The weekly newsletter for Fed2 by ibgames

EARTHDATE: November 30, 2008

Official News page 9


REAL LIFE NEWS: RIP PHOENIX LANDER

by Hazed

While we were taking our two-week break, the world said bye-bye to the Phoenix Lander probe on Mars. As expected, as the Martian winter falls, it has gone silent and is now almost certainly dead. Its last communication with Earth was a brief message on Sunday November 2, and NASA has declared an end to the project.

During its short life on the red planet, Phoenix made some thrilling discoveries. It was launched from Earth in August 2007 and arrived on Mars in May of this year, landing at the Martian north pole after a fiery plunge through the thin atmosphere, using a parachute and thrusters to control its descent. The original schedule called for the mission to last just three months but it actually continued for several months longer before the probe finally died.

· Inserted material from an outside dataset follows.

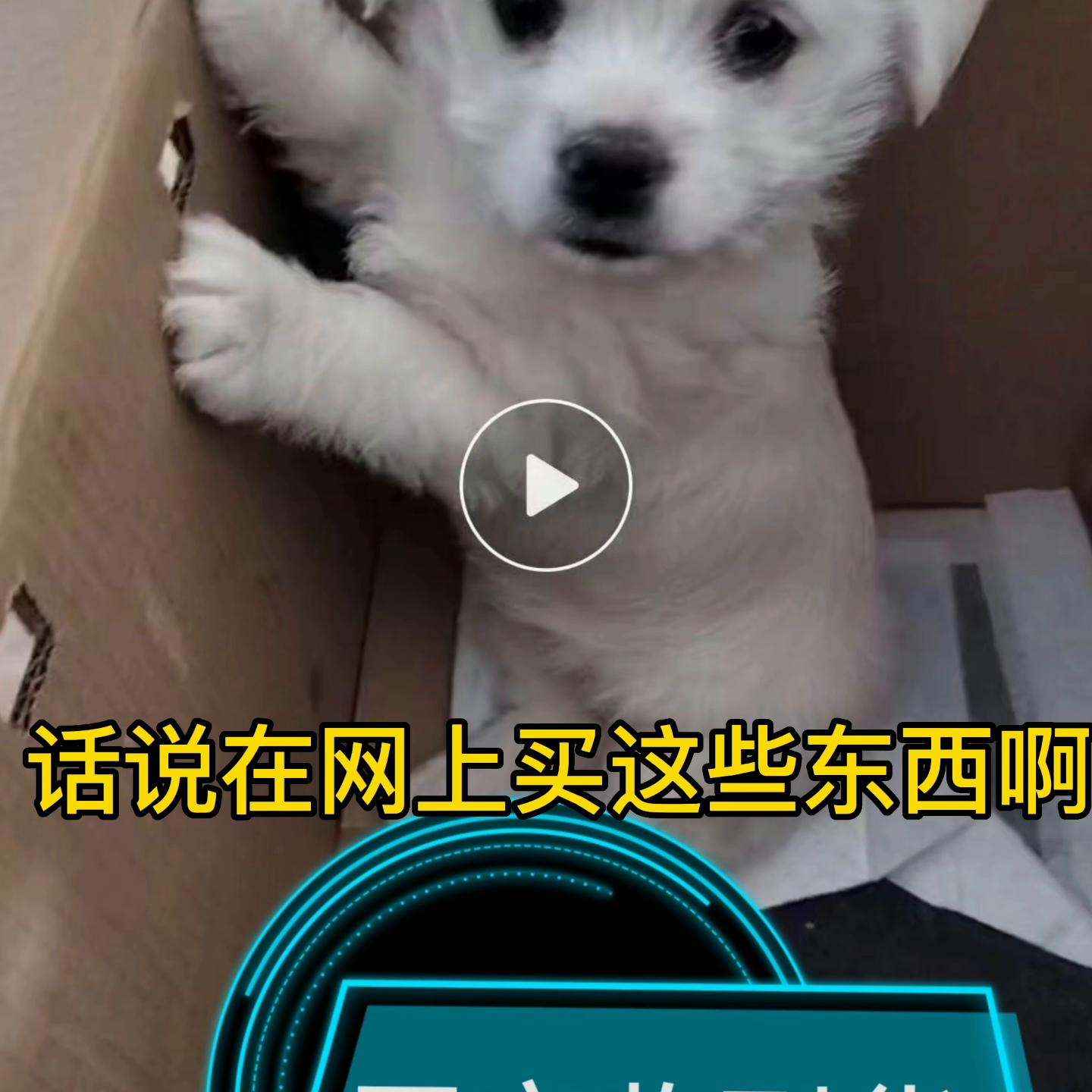 活该被骗！五百块买了只哈巴狗#*子骗**不可怕就怕*子骗**有文化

Phoenix's major achievement was in becoming the first to find water, in the form of water-ice just below the topsoil. Chunks of ice could be seen vaporizing before the lander's cameras. It even recorded snowfall on the planet.

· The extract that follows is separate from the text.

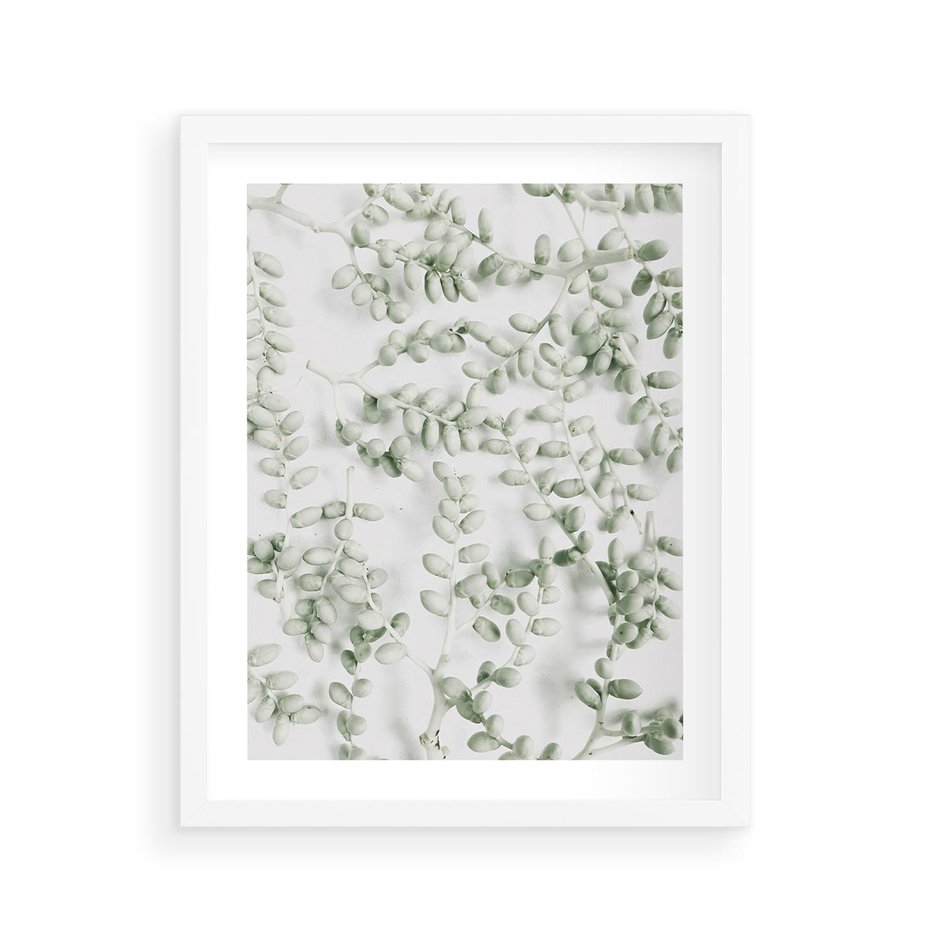 Plakat w ramie 40x50 - Delikatność Zieleni - zielone gałązki, listki - rama biała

The lander snapped more than 25,000 pictures, ranging from panoramic views of its Arctic landing site to atomic scale images of dust grains in its microscope. It's left the mission's scientists with a mass of data that will keep them busy for decades.

As the Martian winter starts, the Phoenix lander was starved of light at its Arctic location, which meant its solar panels couldn't produce enough energy to charge up the batteries. They regularly went flat, which prevented the robot from heating its systems as local temperatures headed down to minus 100 degrees centigrade. The final straw was a dust storm which obscured the Sun/'s rays even further.

As winter progresses, Phoenix will be covered in a thick layer of carbon dioxide frost and as the ice builds up on its solar arrays, they will quite likely crack and fall off. The electronics will also break up in the cold, which means reviving the probe later is quite unlikely. Phoenix really is dead.